Assignment: Go to the line containing "LED nameplate King of the road– 45x10cm" below; retype it and all following lines exactly, and leave out the pictures.

Short text fragments from websites:
====

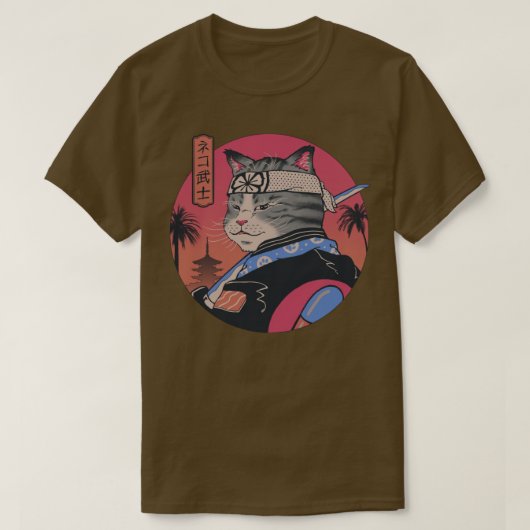 T-shirt Chat de Samurai (Design devant)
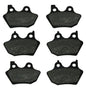 Solid Spare Factory Spec brand Front & Rear Brake Pads for Harley-Davidson Motorcycles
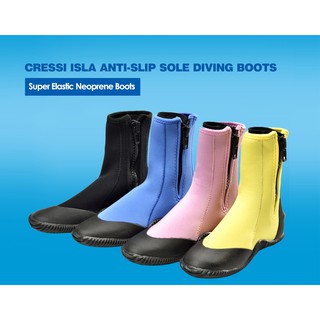 CRESSI NEOPRENE BOOTS 3mm.-รองเท้าบูท บูทใส่ดำน้ำ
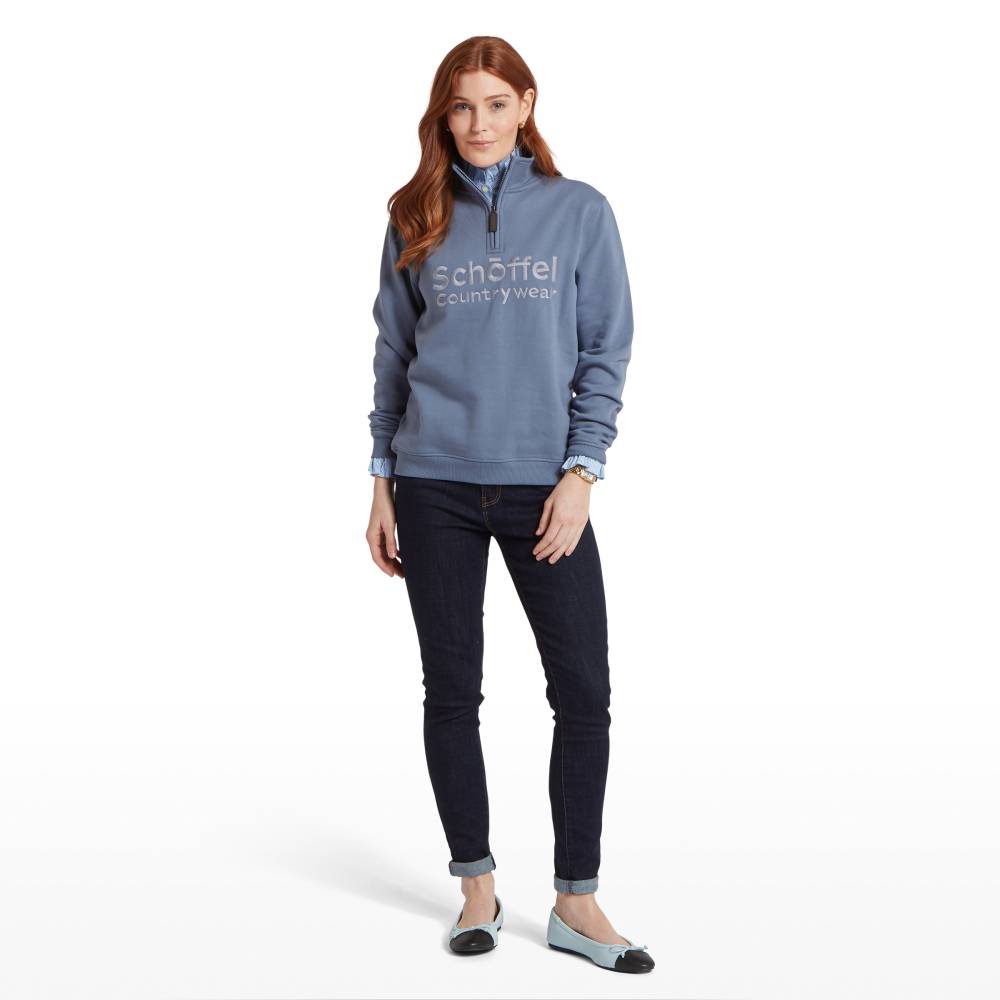 Schoffel St Issey 1/4 Zip Ladies Sweatshirt (Storm Blue)
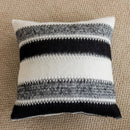 GobekUsa Knitted Crochet Cushion Cover Black Gray White Nordic Simple Luxury Pillowcase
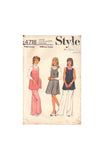 Style 4718 Sewing Pattern, Maternity Pinafore Dress or Tunic and Pants, Size 12, Cut, Complete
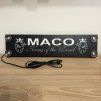 LED nameplate King of the road– 45x10cm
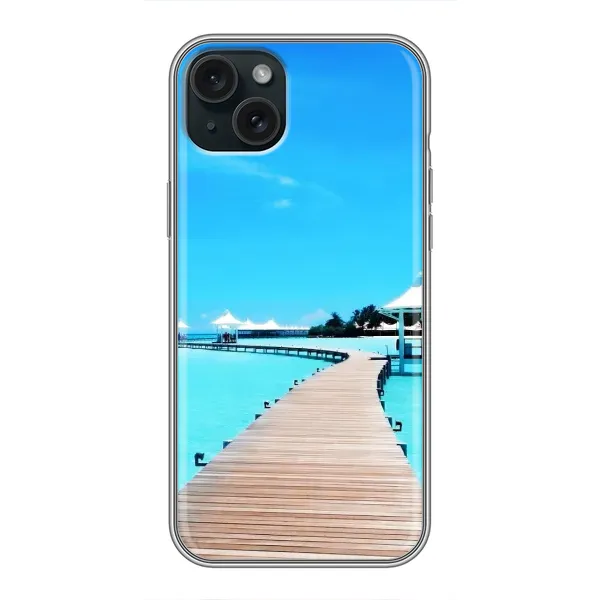 Чехол с рисунком «Набережная» для iPhone 14 Plus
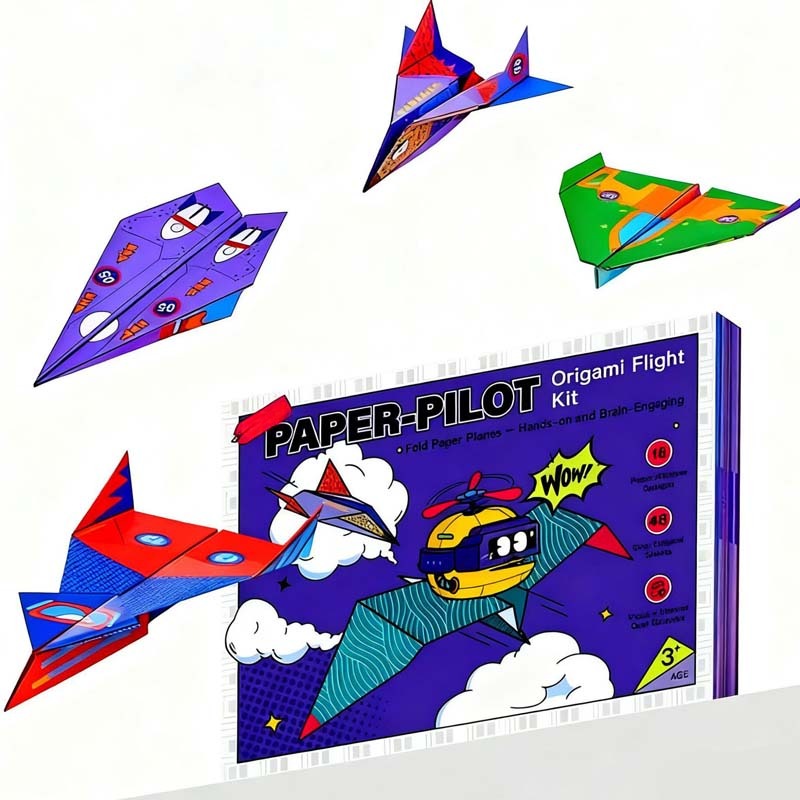 ✈️ 50 % RABATT NU! 🎨 Kreativt DIY-pappersflygplan – bygg & kasta 16 modeller – STEM-leksak för barn 6–12 år – perfekt för lärande och lek 🧒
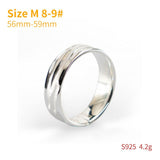 Water ripple  S925  sterling Silver rings  for man and women  fashion jewelry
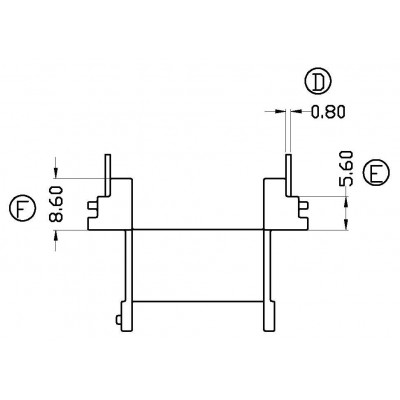 ER-2835/ER-28卧式(6+6PIN)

====

Exercise result:
 LED nameplate King of the road– 45x10cm
 Чехол с рисунком «Набережная» для iPhone 14 Plus
 ✈️ 50 % RABATT NU! 🎨 Kreativt DIY-pappersflygplan – bygg & kasta 16 modeller – STEM-leksak för barn 6–12 år – perfekt för lärande och lek 🧒
 Water ripple  S925  sterling Silver rings  for man and women  fashion jewelry
 ER-2835/ER-28卧式(6+6PIN)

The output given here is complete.